* [Task item]: Send back the line that contains "2356 Gaylord Rd" and all lines following it through the end of the data below, exactly, omitting pictures.

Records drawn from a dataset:
============================================================

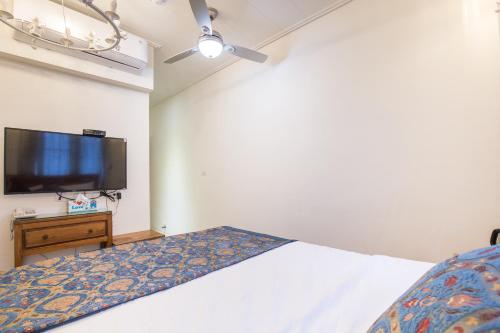 a bedroom with a bed and a flat screen tv at 小琉球白沙逗琉民宿 浮潛生 態導覽 包棟推薦 in Xiaoliuqiu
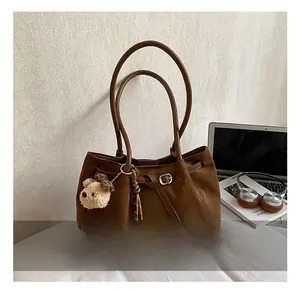 Brown suede tote bag with leather strap, plush bear charm and work-life essentials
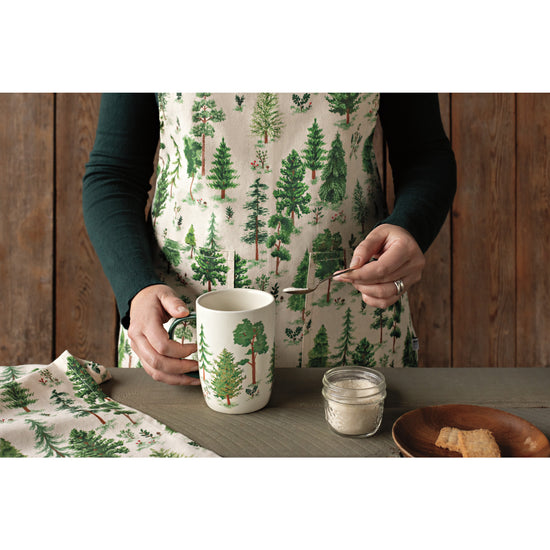 A woman wearing a Now Designs apron with a Woodland tree print, putting sugar into a matching coffee mug with trees on it.
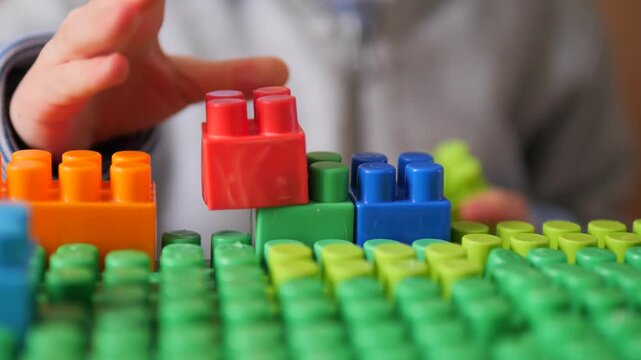 Child Hands Building Colorful Block Tower &ndash; Educational Creative Play with Toys and School Supplies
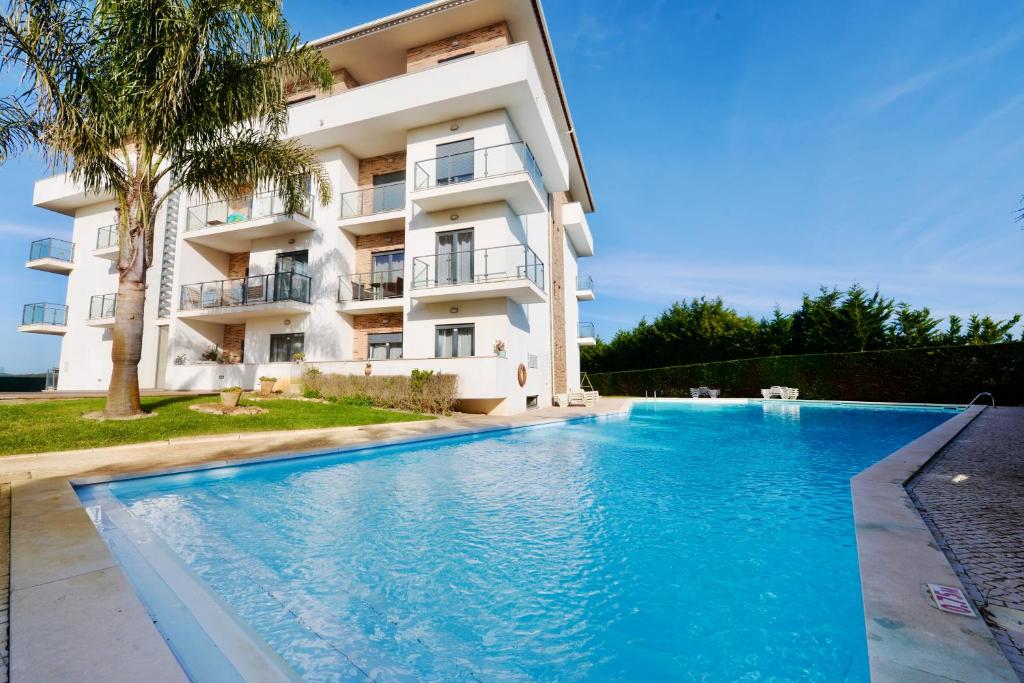 a hotel with a swimming pool in front of a building at Vela - Apartment in complex near the beach in São Martinho do Porto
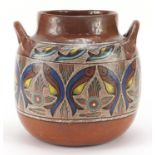 South American pottery vase with twin handles hand painted with stylised fish, 25cm high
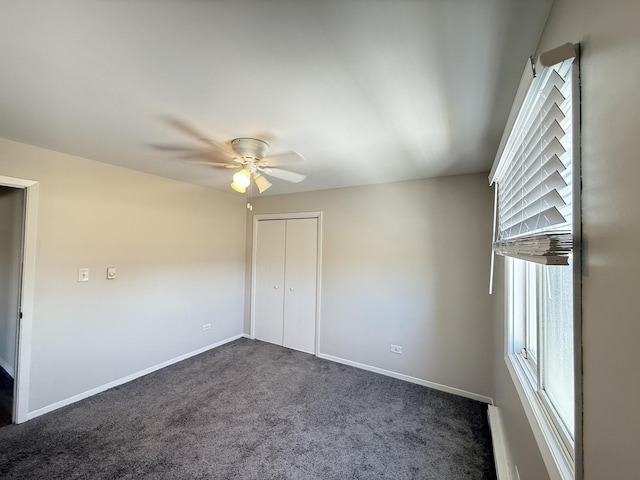 2356 Gaylord Rd Unit 2D, Crest Hill, IL 60403 - unfurnished bedroom featuring dark carpet, baseboards, a closet, and ceiling fan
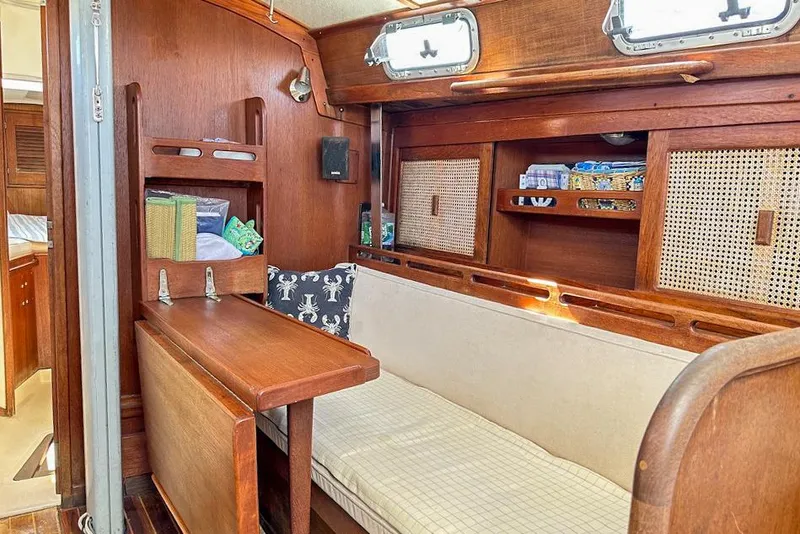 Slide: The Image of Cozy 1985 Tartan 34-2 sailboat interior with wooden furnishings and storage shelves. - 15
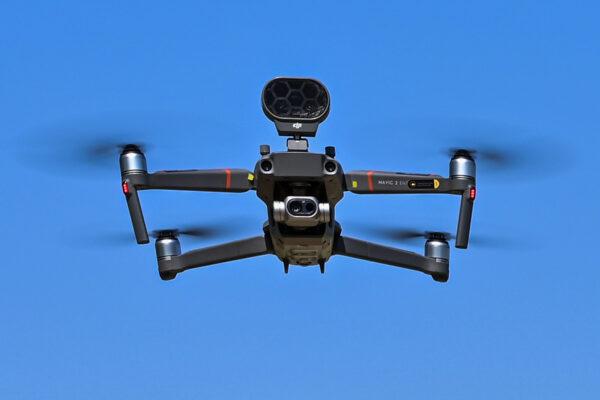 A DJI Mavic 2 Enterprise drone equipped with a thermal sensor, used by police to check people's temperature, is pictured in flight in Treviolo, Italy, on April 9, 2020. (Miguel Medina/AFP via Getty Images)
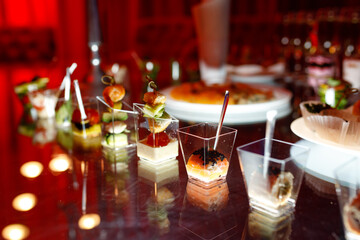 buffet table with toasts and snacks and desserts in red tones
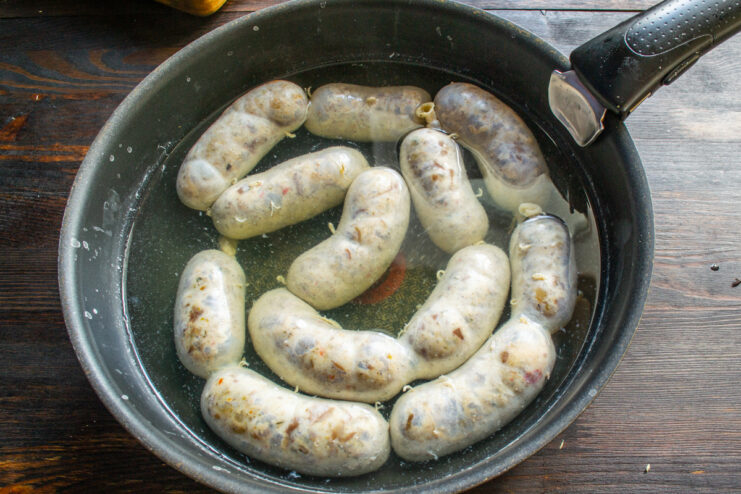 Poaching the sausages Poaching sausages in a pan of hot water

============================================================

* [Reply]:
 2356 Gaylord Rd Unit 2D, Crest Hill, IL 60403 - unfurnished bedroom featuring dark carpet, baseboards, a closet, and ceiling fan
 Slide: The Image of Cozy 1985 Tartan 34-2 sailboat interior with wooden furnishings and storage shelves. - 15
 A DJI Mavic 2 Enterprise drone equipped with a thermal sensor, used by police to check people's temperature, is pictured in flight in Treviolo, Italy, on April 9, 2020. (Miguel Medina/AFP via Getty Images)
 buffet table with toasts and snacks and desserts in red tones
 Poaching the sausages Poaching sausages in a pan of hot water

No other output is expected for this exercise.